Real estate magnate’s Middle Peninsula farm provides sanctuary for animals
Anyplace else, General Jackson probably would’ve been euthanized. Several veterinarians have recommended it. Ever since he was a foal, the Tennessee walking horse has suffered health problems, including laminitis, a painful hoof condition that requires constant attention. But “The General,” as he’s fondly known, had the luck to be born where respect for animals is unconditional, come as they may.
Holly Point Farm, the country home of real estate developer Ramon W. Breeden Jr. and his wife Lucy Breeden, is a pastoral 400-acre animal paradise that has evolved over 44 years from a retreat to a sanctuary.

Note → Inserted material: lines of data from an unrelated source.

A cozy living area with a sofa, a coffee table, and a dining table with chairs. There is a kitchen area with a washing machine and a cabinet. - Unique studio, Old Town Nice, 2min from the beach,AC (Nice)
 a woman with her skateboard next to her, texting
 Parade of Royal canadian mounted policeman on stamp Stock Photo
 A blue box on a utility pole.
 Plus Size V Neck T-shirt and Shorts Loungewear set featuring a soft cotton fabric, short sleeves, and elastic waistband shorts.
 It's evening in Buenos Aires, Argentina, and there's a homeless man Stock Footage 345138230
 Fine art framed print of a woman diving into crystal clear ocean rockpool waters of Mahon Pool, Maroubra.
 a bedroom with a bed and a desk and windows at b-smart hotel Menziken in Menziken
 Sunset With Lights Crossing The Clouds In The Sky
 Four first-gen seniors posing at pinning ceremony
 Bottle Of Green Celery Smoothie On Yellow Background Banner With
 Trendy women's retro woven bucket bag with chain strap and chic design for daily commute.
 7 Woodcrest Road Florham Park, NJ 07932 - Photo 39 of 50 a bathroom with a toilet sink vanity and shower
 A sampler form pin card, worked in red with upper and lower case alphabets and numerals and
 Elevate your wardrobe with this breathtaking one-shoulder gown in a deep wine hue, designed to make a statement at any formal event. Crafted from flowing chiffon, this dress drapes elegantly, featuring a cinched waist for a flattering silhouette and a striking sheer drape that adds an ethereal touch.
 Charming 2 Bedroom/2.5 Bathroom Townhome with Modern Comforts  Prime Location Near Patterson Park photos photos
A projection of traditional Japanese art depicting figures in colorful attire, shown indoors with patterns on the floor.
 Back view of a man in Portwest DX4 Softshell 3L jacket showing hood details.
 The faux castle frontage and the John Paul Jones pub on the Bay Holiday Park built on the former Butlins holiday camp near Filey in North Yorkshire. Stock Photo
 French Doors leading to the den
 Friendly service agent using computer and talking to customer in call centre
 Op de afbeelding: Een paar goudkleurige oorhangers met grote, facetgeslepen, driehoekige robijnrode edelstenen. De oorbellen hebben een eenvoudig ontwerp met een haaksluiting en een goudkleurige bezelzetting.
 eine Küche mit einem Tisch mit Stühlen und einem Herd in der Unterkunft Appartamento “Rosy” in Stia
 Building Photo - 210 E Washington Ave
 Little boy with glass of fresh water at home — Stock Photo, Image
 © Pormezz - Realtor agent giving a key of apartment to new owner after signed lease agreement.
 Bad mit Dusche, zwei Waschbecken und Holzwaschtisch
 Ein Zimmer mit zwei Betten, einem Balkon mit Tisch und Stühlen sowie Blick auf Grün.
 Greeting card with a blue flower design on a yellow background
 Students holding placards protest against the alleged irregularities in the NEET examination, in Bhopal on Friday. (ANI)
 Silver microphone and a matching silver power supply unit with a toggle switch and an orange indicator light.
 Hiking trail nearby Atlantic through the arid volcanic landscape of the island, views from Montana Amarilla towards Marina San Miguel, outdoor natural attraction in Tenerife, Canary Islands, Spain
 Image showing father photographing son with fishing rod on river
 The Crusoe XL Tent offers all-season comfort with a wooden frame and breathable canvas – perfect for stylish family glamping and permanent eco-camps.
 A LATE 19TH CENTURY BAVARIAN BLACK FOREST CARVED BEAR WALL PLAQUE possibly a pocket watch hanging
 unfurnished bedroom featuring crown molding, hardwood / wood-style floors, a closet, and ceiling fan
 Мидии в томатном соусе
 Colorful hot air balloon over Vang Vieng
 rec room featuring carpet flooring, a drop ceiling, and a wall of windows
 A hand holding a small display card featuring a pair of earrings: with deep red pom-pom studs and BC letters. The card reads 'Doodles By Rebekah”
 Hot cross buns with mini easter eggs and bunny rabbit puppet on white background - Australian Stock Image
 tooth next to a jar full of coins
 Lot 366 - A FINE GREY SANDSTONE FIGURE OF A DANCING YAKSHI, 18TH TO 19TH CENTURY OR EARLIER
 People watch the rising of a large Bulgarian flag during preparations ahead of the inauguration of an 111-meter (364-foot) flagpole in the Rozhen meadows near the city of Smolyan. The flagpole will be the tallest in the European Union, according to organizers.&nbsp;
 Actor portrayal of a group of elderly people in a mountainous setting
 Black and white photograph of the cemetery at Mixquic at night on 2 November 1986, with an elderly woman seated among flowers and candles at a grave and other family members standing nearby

Past its iron gates is an arrow-straight driveway lined by ancient pines, sweetgums and oaks – some old enough to have witnessed the birth of this nation. Visitors are greeted by a herd of languid black angus, chewing cud and swatting flies with their tails, relaxing in the shade of an open forest without fear of ever seeing the inside of a slaughterhouse.
In 1961 he founded The Breeden Company – now one of the nation’s leading real estate development firms. And when his grit secured success, Breeden purchased a farm near Charlottesville. Eventually, he wanted something closer to Hampton Roads, where he was busy building a business empire.